Logic Scaling Hits ASML/TSMC Walls by 2030
Nvidia secured early TSMC allocation, squeezing Google; by 2030, ASML's EUV tools become the top constraint as AI demands explode logic capacity. Older TSMC fabs (e.g., 7nm+) can't fully substitute—lacking density for latest GPUs. China lags in outscaling West due to equipment limits, though advancing.
TSMC may prioritize AI over Apple on N2 node; robots mitigate Taiwan invasion risks by automating fabs.
Incoming Memory Crunch Dwarfs Other Limits
High-bandwidth memory (HBM) faces massive shortages as clusters demand terabytes per rack. Patel forecasts this as the "enormous incoming memory crunch," outpacing logic or power issues.
US Power Scales Without Crisis
Contrary to hype, US power ramps easily—20 gigawatts yearly via gas peakers, nuclear restarts, and grid upgrades.
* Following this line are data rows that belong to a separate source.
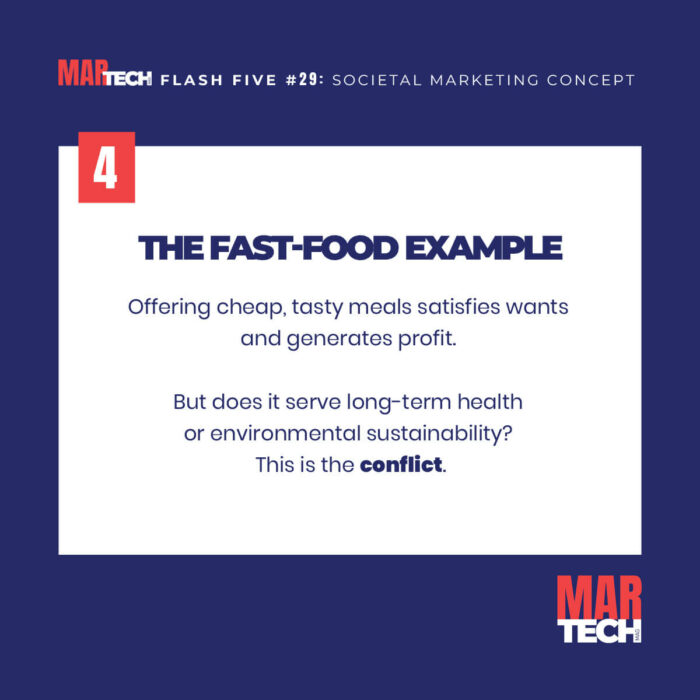 Flash Five guide on understanding the societal marketing concept and framework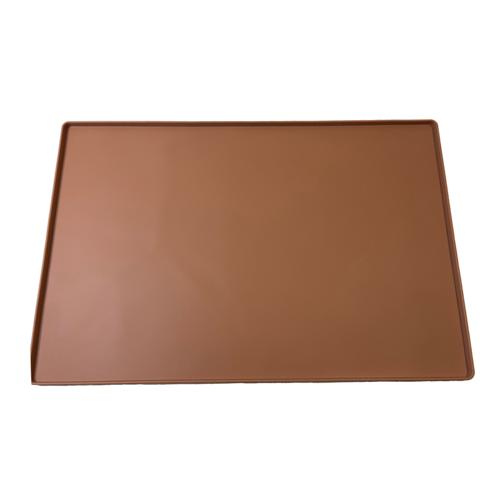 Pet Feed Mat - Silicone Mat Mocha 60x40cm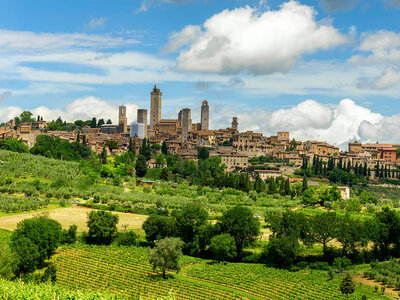 Cofanetto regalo Tour nel Chianti, a San Gimignano e a Montalcino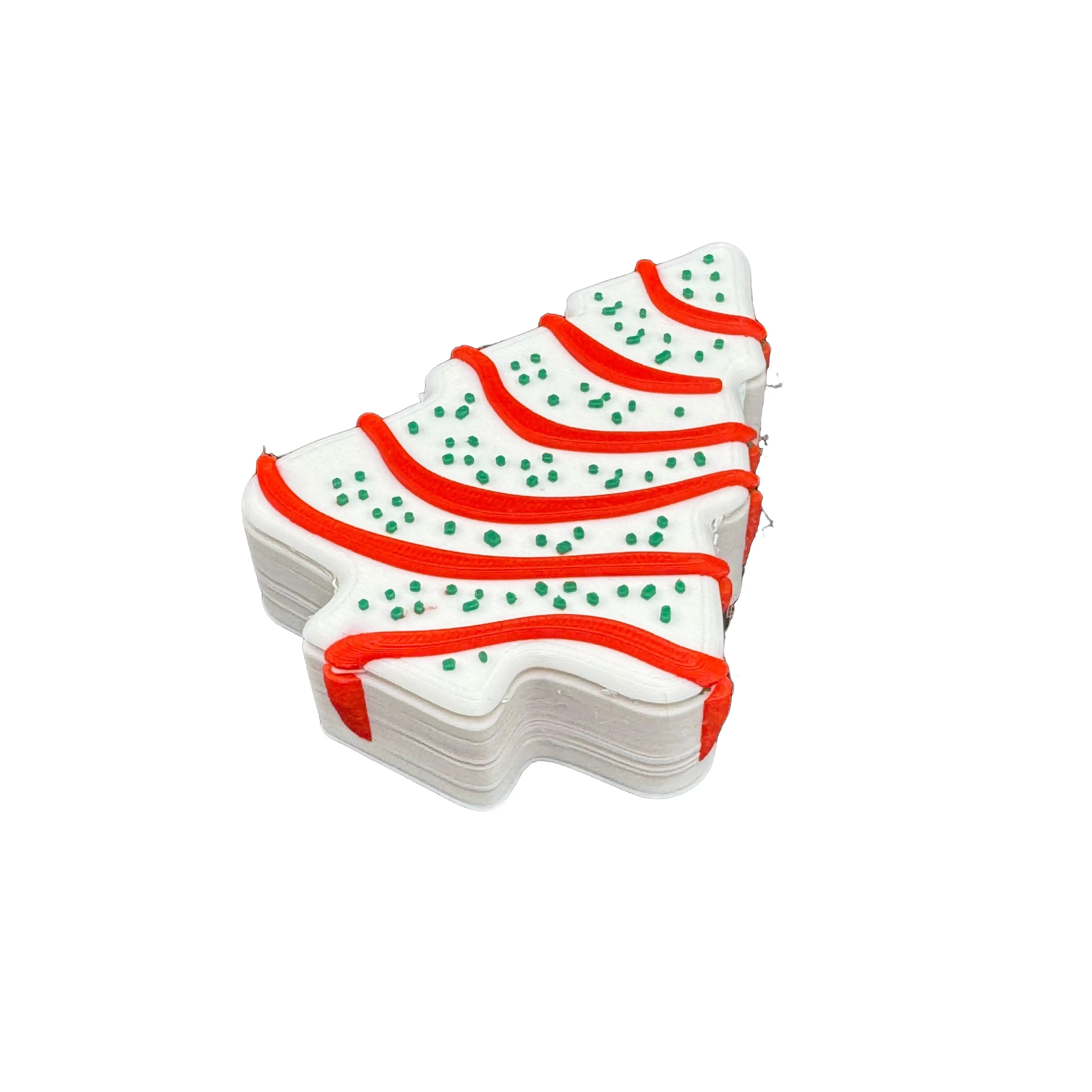 Little Debra Christmas Tree Cake Container Utensils Kitchen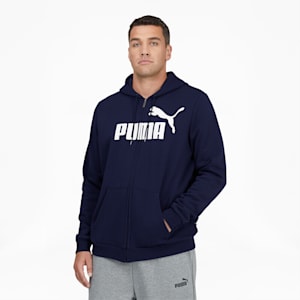 Kangourou BT à glissière pleine longueur Essentials, homme, Bleu caban-blanc PUMA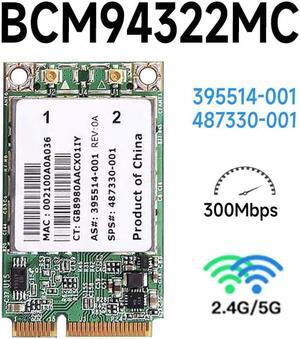Broadcom BCM94322MC Mini Pci Express PCI-E  Wlan card  395514-001 487330-001 for hp laptop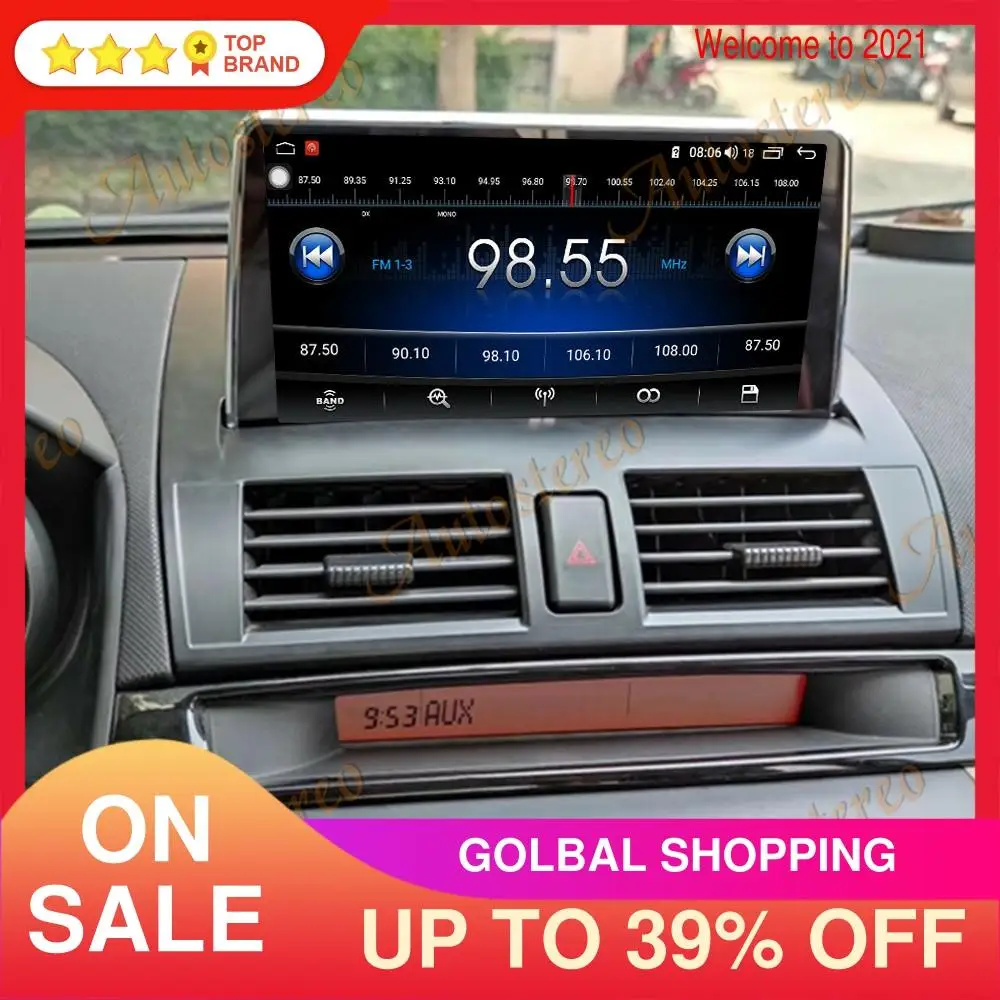 Для Mazda 3 2003 2009 Android 10 0 4 Гб + 64 ГБ Автомобильный Радио плеер GPS навигация авто стерео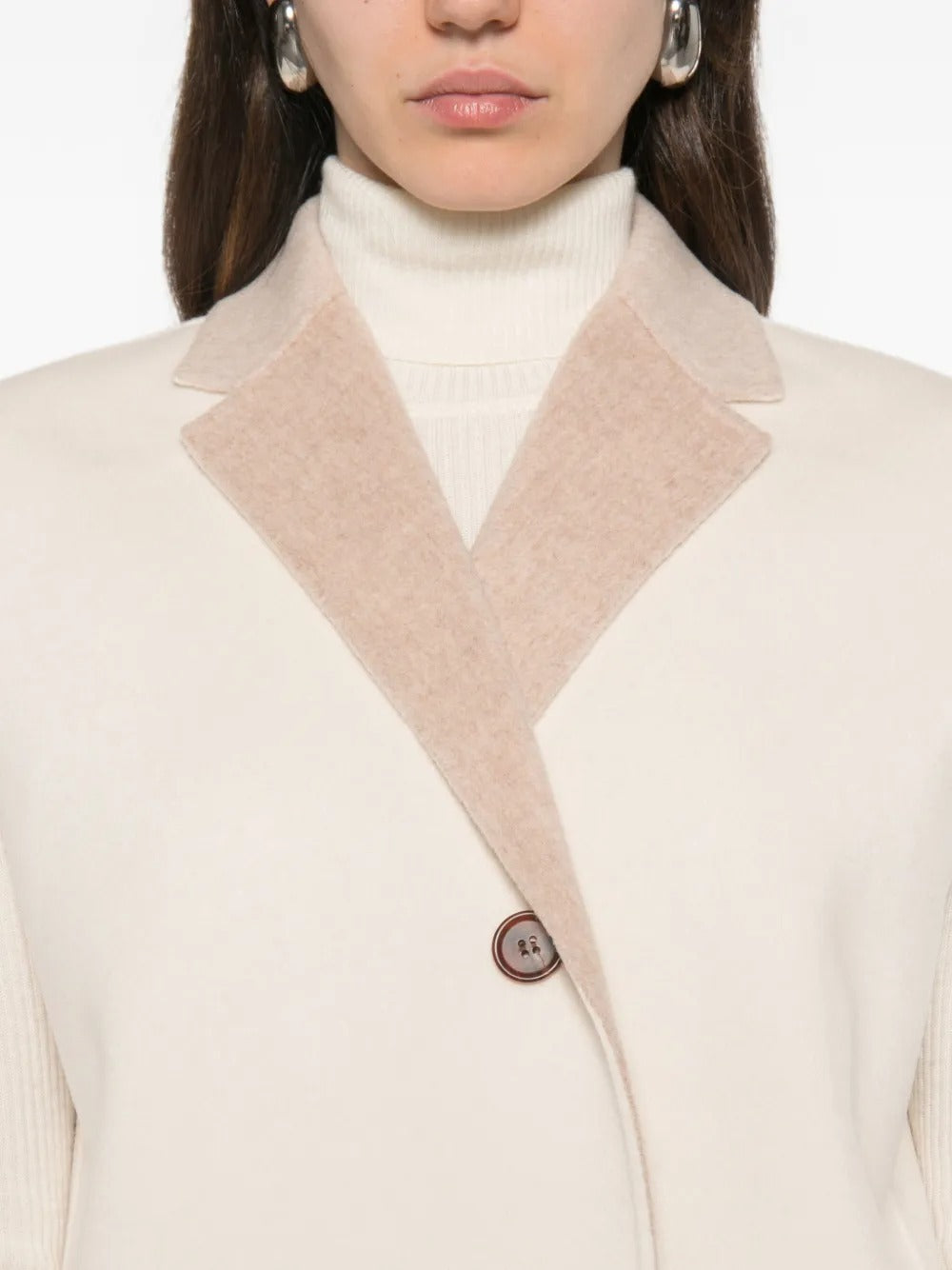 Julie two-tone sleeveless reversible gilet-ALICIA AUDREY-Verso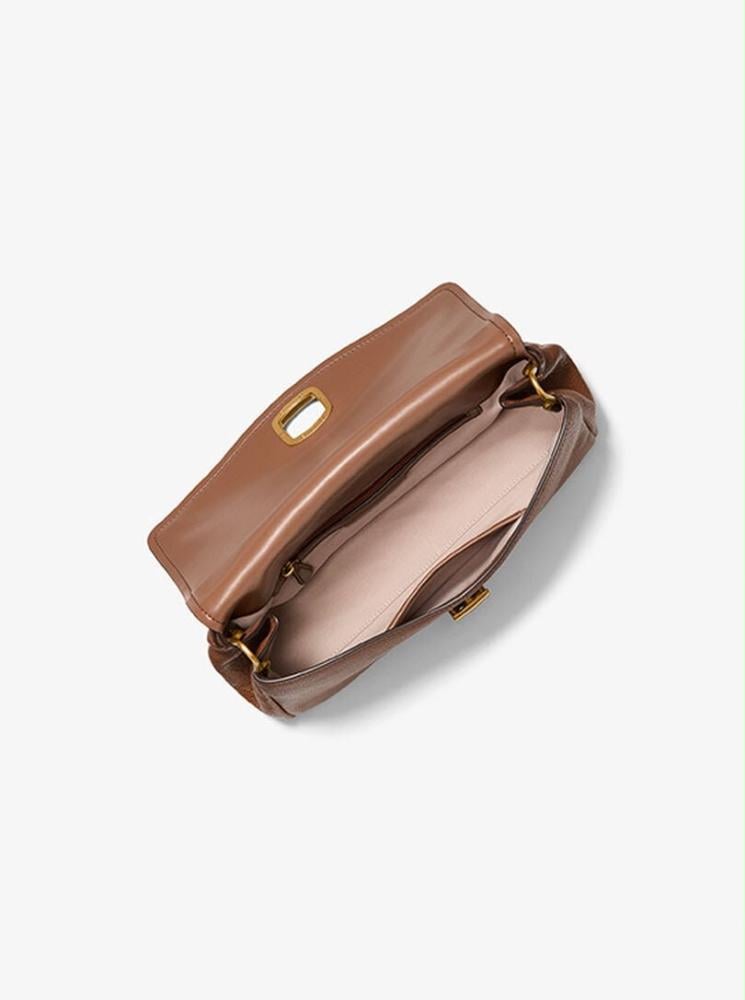 Bryant Large Textured Leather Convertible Shoulder Bag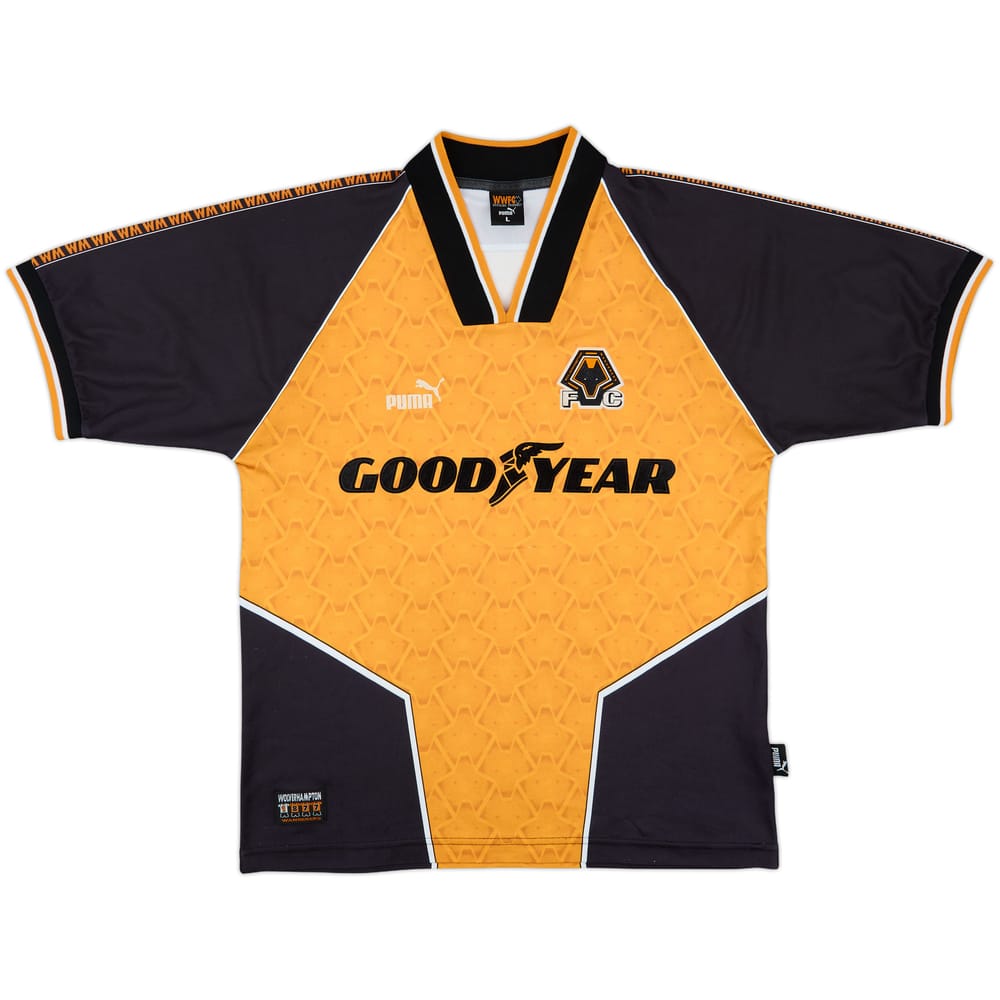 1996-98 Wolves Home Shirt - 8/10 - (L)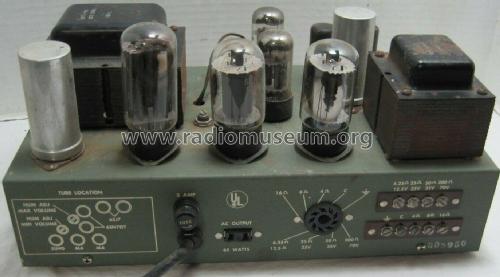 Amplifier AU-58B; Stromberg-Carlson Co (ID = 2754376) Ampl/Mixer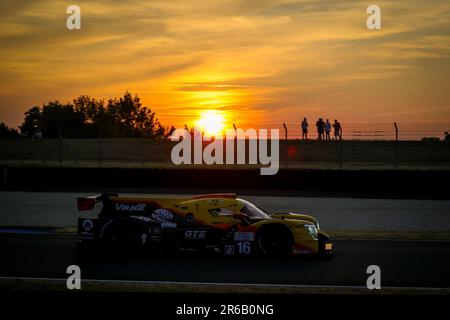 Le Mans, France. 07th juin 2023. 16 GERBI Julien (spa), HENRION Gillian (fra), Team Virage, Ligier JS P320 - Nissan, action16 GERBI Julien (spa), HENRION Gillian (fra), Team Virage, Ligier JS P320 - Nissan, action sur la route du Mans 2023 sur le circuit des 24 heures du Mans de 7 juin à 9, 2023 au Mans, France - photo Paulo Maria/DPPI crédit: DPPI Media/Alay Live News Banque D'Images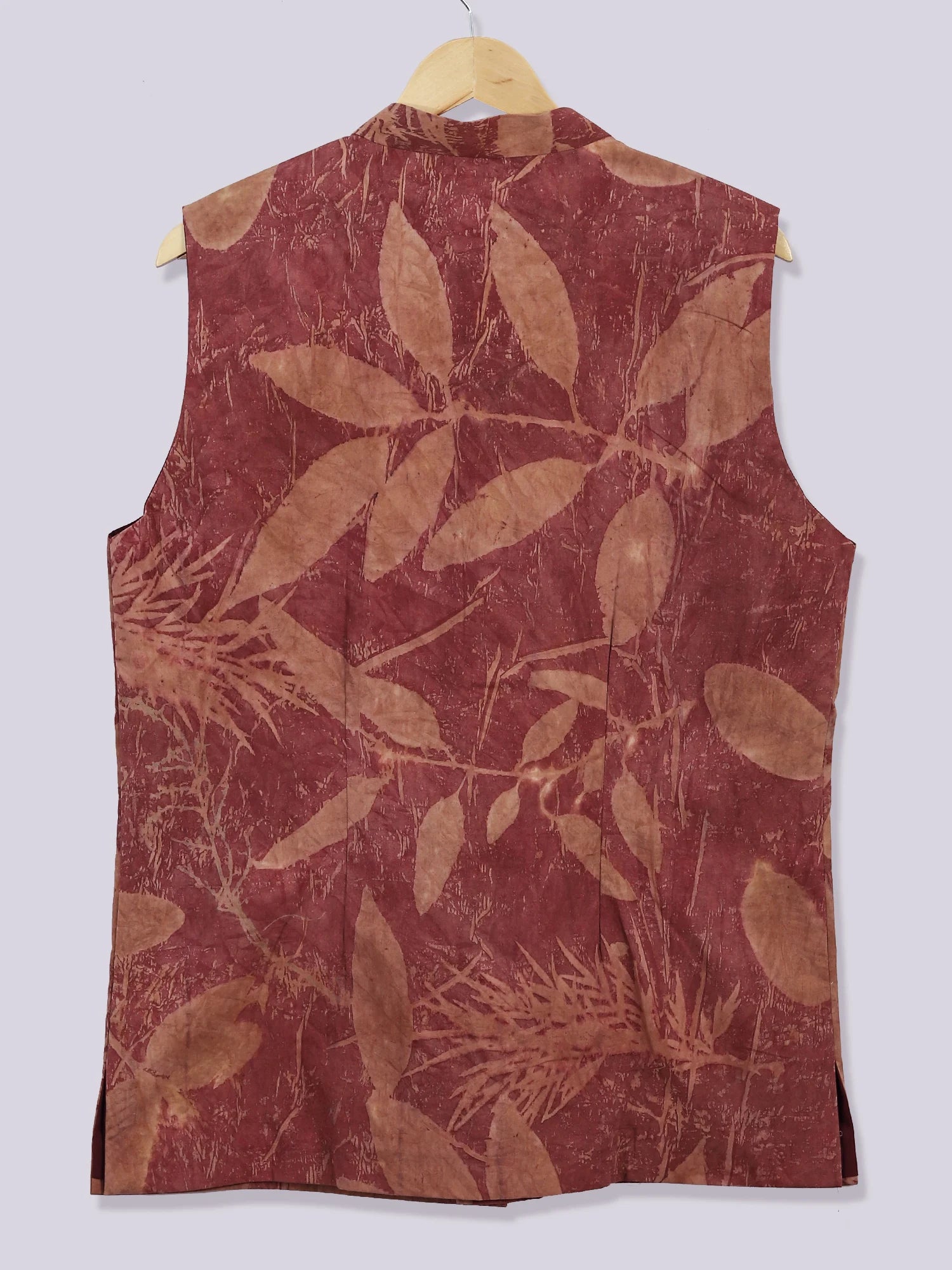 Red Leaf Bloom Waistcoat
Space GPUs remain sci-fi this decade.
"Scaling power in the US will not be a problem," Patel asserts.
Hedge funds undervalue AGI bets amid these dynamics.
Key Takeaways
- Model CapEx timelines over 3-5 years: 2025's $600B funds 2027-2029 builds like turbines and PPAs, not instant 50GW.
- Secure compute early via aggressive multi-provider deals; spot markets add 50%+ premiums.
- Bet on supply-constrained utility over infinite-supply depreciation—H100s gain value with better software.
- Prioritize ASML/TSMC allocation and HBM stockpiles; logic/memory bottleneck AI by 2030.
- US power isn't the limiter—focus grid deals and peakers for 20GW/year ramps.
- Revenue inflection demands 2-3x inference compute yearly; flat training assumes efficiency gains.
- Diversify beyond hyperscalers: neoclouds like CoreWeave hold excess H100s for quick scaling.
- Watch TSMC priorities—AI trumps consumer like Apple on advanced nodes.
Notable quotes:
- "If you sign a deal at $2/hour for those five years, your gross margin is roughly 35%... Now you can crowd out all of these other suppliers." — Dylan Patel on H100 pricing power.
- "Dario... was very conservative... ‘I don’t want to go bankrupt.’ But in reality, he’s screwed the pooch compared to OpenAI." — Dylan Patel contrasting lab strategies.
- "These labs are in a competitive environment, so their margins can’t go to infinity. You sort of have this dynamic that is quite interesting." — Dylan Patel on GPU value dynamics.
- "ASML will be the #1 constraint for AI compute scaling by 2030." — From timestamps, underscoring lithography limits.